Why OpenScraper has been created ?


Scraping can quickly become a mess, mostly if you need to scrap several websites in order to eventually get a structured dataset. Usually you need to set up several scrapers for every website, configure the spiders one by one, get the data from every website, and clean up the mess to get from this raw material one structured dataset you know that exists...

Yes, similar solutions already does exist... but...
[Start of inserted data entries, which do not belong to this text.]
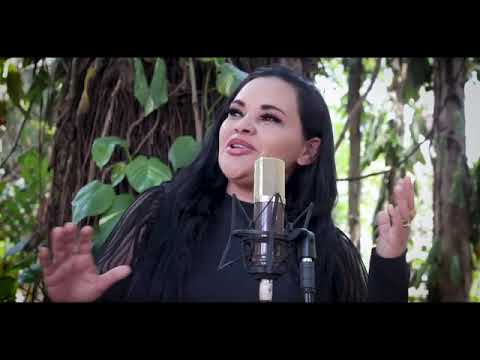 Cantora Irlandia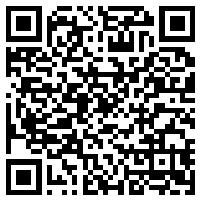 QR Code for bitcoin:bitcoin:bitcoin:bitcoin:dash:XxFnSxuHomjH255zDwBEd5JgNpiapK7Dbn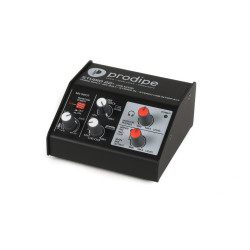 Prodipe Studio 22+ -...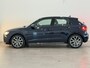 Audi A1 Sportback 30 TFSI epic | Automaat | 17'' Lichtmetalen Velgen | Airco | Apple Carplay & Android Auto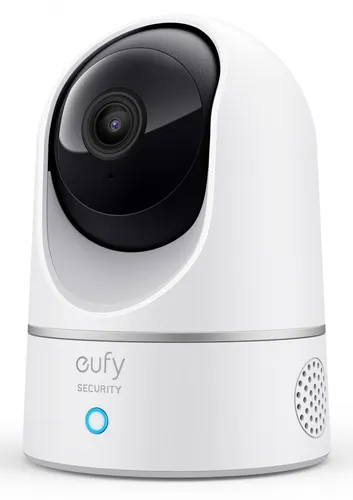 Eufy E220 Almohadilla Cámara de seguridad IP 2048 x 1080 T8410322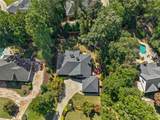 1010 Brooksglen Drive - Photo 51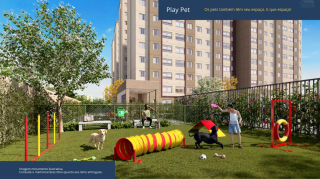 Apartamento na Imbiribeira Recife pelo Minha Casa Minha Vida – Mirante Belvedere com Subsídio de até 75 mil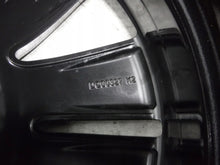 Load image into Gallery viewer, 1x Alufelge 18 Zoll 7.5" 5x112 53 5ET A2434011400 Mercedes-Benz Eqa Gla FEL9253036098jo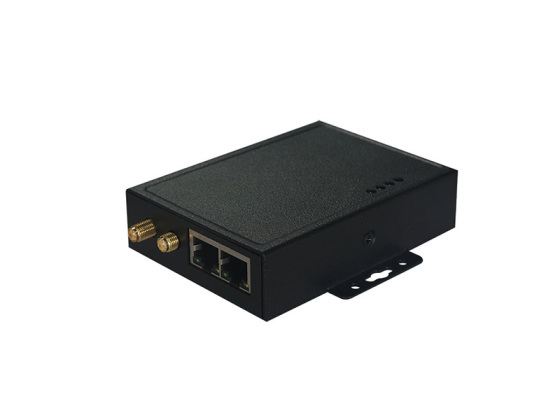IOT-B10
So you have mainly three options when it comes to scrap the web :

  • either use a proprietary and quite expensive service (like Apify or import.io) and depend on an external service ;
  • ask a friend if you are lucky, ask a developer or a company to do it for you if you have money for that...
  • or if you have the know-how write your own code (for instance based on BeautifulSoup or Scrapy), adapt it for your own purposes, and usually be the only one (I mean the only developer around) to be able to use/adapt it.

A theoretical use case

So let's say you are a researcher, a journalist, a public servant in an administration, a member of any association who want to survey some evolutions in the society... Let's say you need data not easy to get, and you can't afford to spend thousand of euros in using a private service for webscraping.

You'd have a list of different websites you want to scrap similar information from, each website having some urls where are listed those data (in our first case social innovation projects). For every information you know it could be similarly described with : a title, an abstract, an image, a list of tags, an url, and the name and url of the source website, and so on...

So to use OpenScraper you would have to :

  • specify the data structure you expect ("title", "abstract", etc...) ;
  • add a new contributor (a source website) : at least its name and the start_url from which you'll do the scraping ;
  • configure the spider for every contributor, i.e. specify the xpaths for every field (xpath for "title", xpath for "abstract", etc... );
  • save the contributor spider configuration, and click on the "run spider" button...
  • the data will be stored in the OpenScraper database (MongoDB), so you could later retrieve the structured data (with an API endpoint or in a tabular format like a .csv file)

An open scraper for more digital commons

To make that job a bit easier (and far cheaper) OpenScraper aims to display an online GUI interface (a webapp on the client side) so you'll just have to set the field names (the data structure you expect), then enter a list of websites to scrap, for each one set up the xpath to scrap for each field, and finally click on a button to run the scraper configured for each website...

... and tadaaaa, you'll have your data : you will be able able to import it, share it, and visualize it (at least we're working on it as quickly as we can)... OpenScraper is developped in open source, and will provide a documentation as much as a legal framework (licence and CGU) aiming to make the core system of OpenScraper fit the RGPD, in the letter and in the spirit.